Whatever number of parents take a voucher in the first year, more will in the second and every year thereafter. When our own state Department of Education makes private school choice its central priority, saying that children should leave their local public schools with a voucher, parents will hear the message loud and clear.
SB 193 is not just a bill. It is a fork in the road setting the direction for the future of New Hampshire public education.
But how will the private alternatives compare to our public schools, already ranked among the highest achieving and most innovative in the country? There will be no way for the Legislature, voters or the business community to know.
SB 193 sets no educational standards of any kind. We have detailed statutes that define our constitutionally mandated adequate education but SB 193 sidesteps them all, making the parent solely responsible for accountability. Although the State would uses adequacy funds to pay for the voucher, we would have no way to know whether the education we are paying for meets our constitutional obligation to provide an adequate education.
And the bill creates whole new challenges to the idea of accountability. Since virtually anyone can be paid with voucher funds as a “tutor,” a new kind of non-school school becomes possible. The BigFish Learning Community in Dover, for instance, is not a school, does not register with the State as a school, but charges a tuition of $9,000 per year and can be paid with an SB 193 voucher.
SB 193 will inflict the greatest damage on the communities most in need of help. Manchester, with it’s tax cap, divided school board, demographic challenges, and great surrounding alternatives, will be hard hit. But our rural schools, already dealing with demographically driven enrollment declines and lack of tax base to support their schools, don’t have the private schools that would be affordable even with a voucher. They would have to rely on computers, small religious schools, home schooling, or non-school schools like BigFish. But parents already working hard to make ends meet will find even these options difficult, so only the more advantaged families would be able to make use of vouchers.

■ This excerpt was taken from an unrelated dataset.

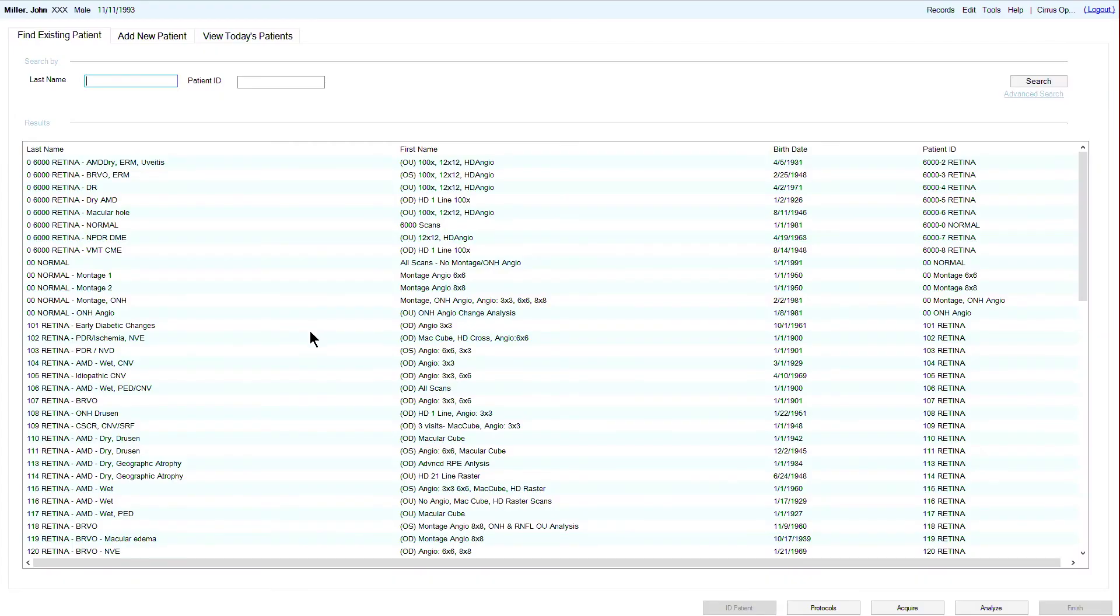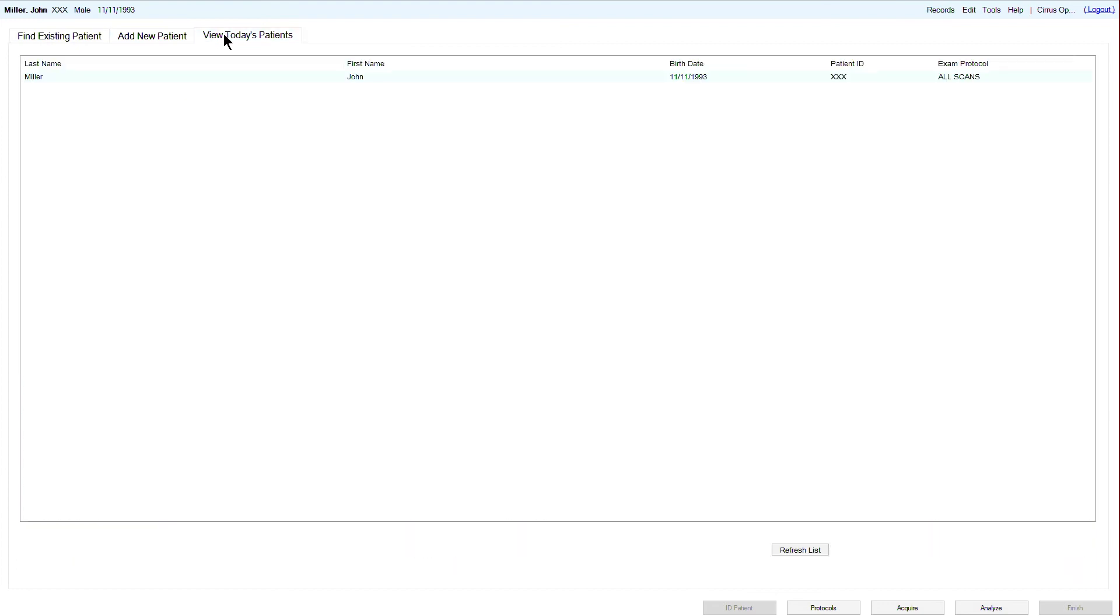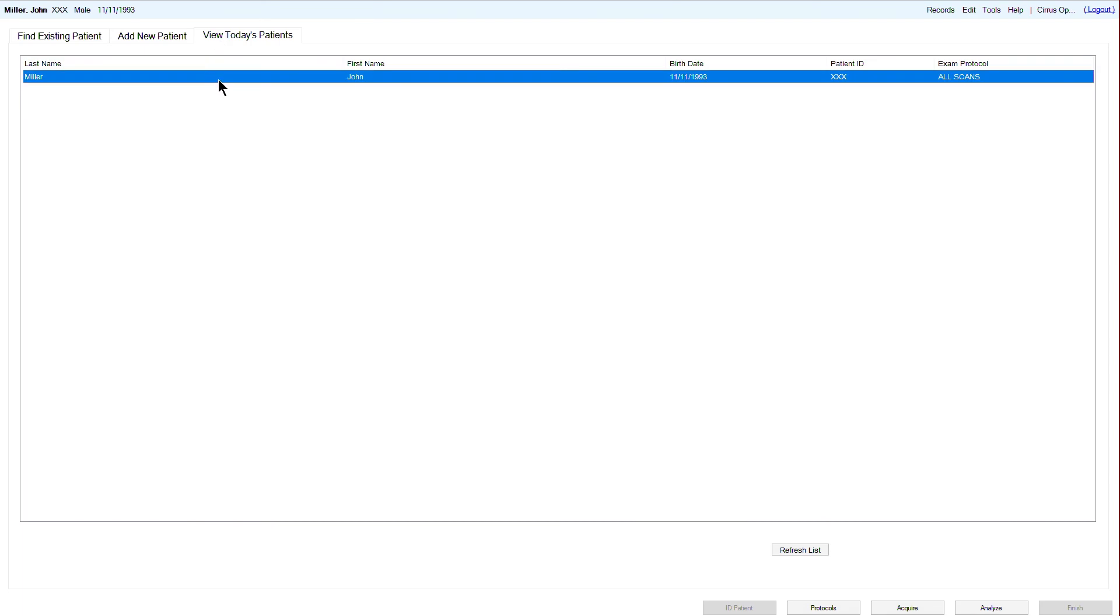Start by selecting an existing patient from the patient ID screen, add a new patient, or import a scheduled patient from the modality worklist if the CIRRUS is connected with FORUM. To acquire a scan for this patient, click Acquire.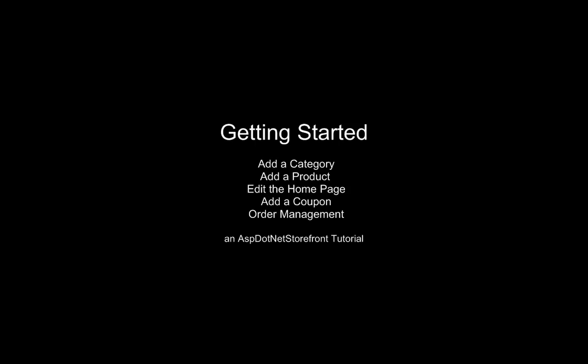This video is going to cover adding a category, adding a product, editing the home page, adding a coupon, and order management.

The solution that serves students in these most challenged schools is not one that sends parents out on their own to come up with alternatives to neighborhood schools. The real investment in our kids is an investment in local school leadership committed to overcoming the special challenges those schools face. That strategy has had dramatic results from White Mountains Regional to Parker-Varney Elementary in Manchester to Pittsfield, Franklin and many other communities.
SB 193 and the private school choice policy put forward by our Department of Education are not a good alternative to providing real leadership and support for our neighborhood schools.